Em Agosto de 1995, em plena guerra da Bósnia, assisti a algo que ainda não tinha visto – “Turismo de Guerra”. Tudo começou numa patrulha sobre o Monte Igman (acessos a Sarajevo) quando percorria um trilho que ainda não tinha frequentado. No carro da ONU seguiam também outros dois Observadores Militares (UNMO) e um intérprete. Segundo o intérprete, aquele era o caminho mais rápido para sair de Igman. O piso, em terra batida, era péssimo e estávamos a levantar mais pó que uma tempestade de areia. Nas bermas começaram a surgir trincheiras guarnecidas por soldados do Exército (muçulmano) da Bósnia Herzegovina – ABiH. Para minha admiração, junto às posições de trincheiras estavam algumas carrinhas de venda ambulante. Porém, o que me deixava desconcertado no cenário, era a presença de uma quantidade de civis a tirar fotos aos combatentes.

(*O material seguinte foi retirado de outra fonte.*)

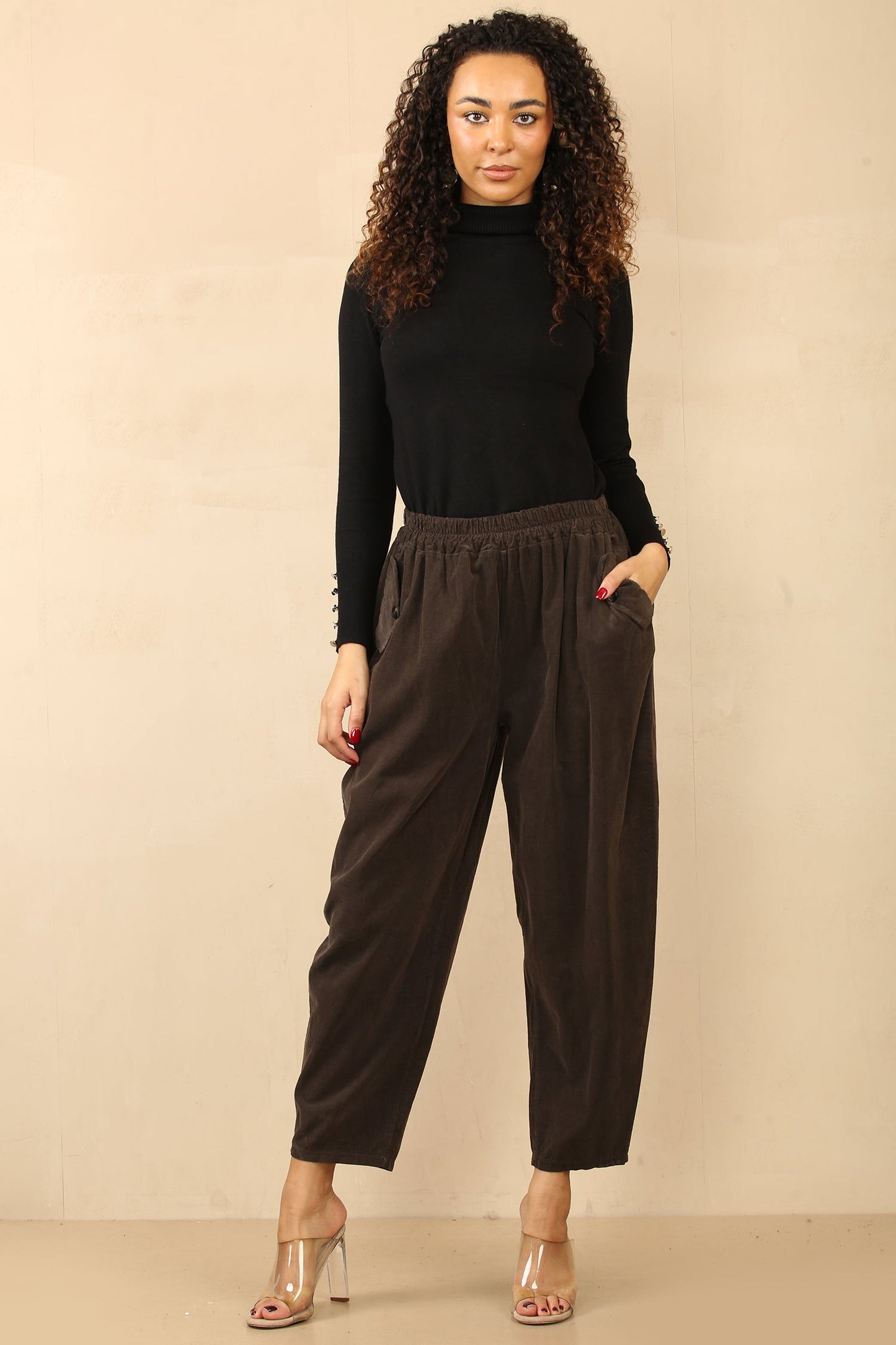 Needle Coat Trouser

Estupefacto, perguntei o que era aquilo, e alguém dentro do carro respondeu:

– “É uma excursão de “Turismo de Guerra”. A nova moda da Europa!”

– “Turismo de Guerra”?!? Isto parece o intervalo nas filmagens de um épico de Hollywood, onde os atores fazem uma pausa para uma cervejinha e um hotdog.” – Repliquei.

Tradução: “à vossa direita poderão ver uma posição defensiva do ABiH; na próxima paragens haverá uma demonstração de snipers Sérvios”.

Eu estava chocado com os turistas de guerra, mas o nosso camarada Belga, um UNMO veterano dos Balcãs, explicou que aquele conceito era o renascer de algo antigo. De acordo com os seus pergaminhos da História terá sido na Batalha de Waterloo que apareceram os primeiros espectadores a assistir aos combates, de uma forma organizada. Isso fazia com que os Belgas fossem considerados os primeiros turistas de guerra europeus.

Entretanto, as máquinas fotográficas voltaram-se para nós e dois indivíduos, com sotaque holandês, aproximaram-se do carro perguntando como estava a situação em Sarajevo. Coincidentemente, o terceiro UNMO dentro do carro era exactamente Holandês e respondeu-lhes, direto em Flamengo, algo que não vou reportar mas que seria a versão vernácula de:

– “Hó meu … vai bugiar”.

Arrancámos sem estardalhaço e sem repreender os “turistas” para não provocar os soldados, que tinham as armas carregas e estavam a usufruir dos seus 15 minutos de fama. Quem sabe se, ao final daquele dia, alguns daqueles ABiH não terão sobrevivido para contar a história.